UTF-8

BlitzMax Forums/BlitzMax Programming/UTF-8

Grey Alien(Posted 2007) [#1]
Hiya, just tried loading in a Russian localised file in UTF-8 file and my word wrapping code crashes. Probably this is because Space and Carriage Return (CR) are not 32 and 13. Anyone know what they are in UTF please?

Oh and what about Line Feed (LF) which is normally 10. Thanks!


GfK(Posted 2007) [#2]
I'm sure that only ascii chars higher than 127 are different.

Its been ages since I did anything like this, but when I did the Polish version of Double Top I had all sorts of bother. I recall having to find CE (central european) versions of the fonts I used.

Rather you than me.


ziggy(Posted 2007) [#3]
I think they are 10 + 13 or 13 + 10 depending on the platform.


Grey Alien(Posted 2007) [#4]
Hmm, if they are the same then there must be a problem with my code, wonder what it is? ...

It's weird because with a file saved as txt it word wraps, but with UTF-8 the word wrapped text array is empty because it's failing to wrap it. So what's so badly different between the file formats that causes the error I wonder?


ziggy(Posted 2007) [#5]
It can be the byte order mark that is confusing you program?
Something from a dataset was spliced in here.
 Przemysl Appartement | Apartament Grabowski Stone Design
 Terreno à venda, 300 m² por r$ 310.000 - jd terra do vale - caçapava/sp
Grey Alien(Posted 2007) [#6]
What's that? Better wiki it...


ziggy(Posted 2007) [#7]
The byte order mark is usually a 2 bytes mark that indicates if the file is stored in big endian or little endian. In case of UTF-8 it should be little endian. I think it was something like FE and FF, but if you take a look to the loadtext function of blitzmax, you'll see the exact byte order signature.


Grey Alien(Posted 2007) [#8]
Ah, and that's at the start is it? Maybe I should view the file with a hex editor...Hmm, seems the start of the file is EF BB BF. That may be the problem, I'll check it out. Thanks.


Brucey(Posted 2007) [#9]
Why can't you load the file with TextStream? It checks the BOM and interprets the loading based on that...


ziggy(Posted 2007) [#10]
Text Stream reads the byte order marks as characters. I would recomend using LoadText, or using a function derived from LoadText. There's no encoding detector text stream in BlitzMax (As far as I know)


Grey Alien(Posted 2007) [#11]
LoadText is the one! Thanks ziggy and thanks Brucy for the advice. So I should read the manual a bit more!


Grey Alien(Posted 2007) [#12]
OK so LoadText reads the whole file into a giant string. How practical is that for big files?

Also is there a quick way for splitting it into lines (stored in an array) based on CR LF? Or do I have write some code to chop it up? I'll write some code anyway...


ziggy(Posted 2007) [#13]
Hey, LoadText is internally using a Stream, but it makes the byte order check. Open the LoadText source code and in a few minutes you'll have a working text stream with encoding recognition. I've done mine, but I can't send it to you becouse I'm not at the office now.


Grey Alien(Posted 2007) [#14]
This seems to work:

Strict

Graphics 800,600,0

Global Font:TImageFont = LoadImageFont("arial.ttf", 20)

Local File:TStream = OpenFile("Russian.txt") 'in UTF-8 format

Global TestText $ = ""

If File Then
	TestText = LoadText(File)
	CloseFile(File)
EndIf

Global Text$[]

'Split the TestLine into an array of Lines
Local line = 0
While TestText<>""
	'Get the CRLF position
	Local Pos = Instr(TestText,Chr(13)+Chr(10))
	Text = Text[..Len(Text)+1] 'expand the array
	'Was the end of the text reached?
	If Pos = 0 Then
		Text[line] = Mid(TestText,1,Len(TestText)) 'Copy the rest of the text into the new array slot
		TestText = ""
	Else		
		Text[line] = Mid(TestText,1,Pos-1) 'Copy the first line into the new array slot
		TestText= Mid(TestText,Pos+2,Len(TestText)) 'reduce the text we are reading from.
	EndIf
	line:+1 	
Wend

While Not KeyHit(KEY_ESCAPE)
	Cls
	SetImageFont Font
	Local y = 50
	'Print the lines from the array
	For Local  i = 0 To Len(Text)-1
		DrawText Text[i],10,y
		y:+20
	Next
	DrawText Len(Text)+" lines",10,10
	Flip
Wend



ziggy(Posted 2007) [#15]
Yes but you're loading the whole file into a string. It work, but if you want to use text streams with encoding recognition, I would recomend you to just take a look to the loadtext function source code. It will be less RAM demanding when working with very large files (I think).

Anyway, glad to see it works. :D


Grey Alien(Posted 2007) [#16]
Yes good advice thanks.

For now I've added it to my framework as a simple function.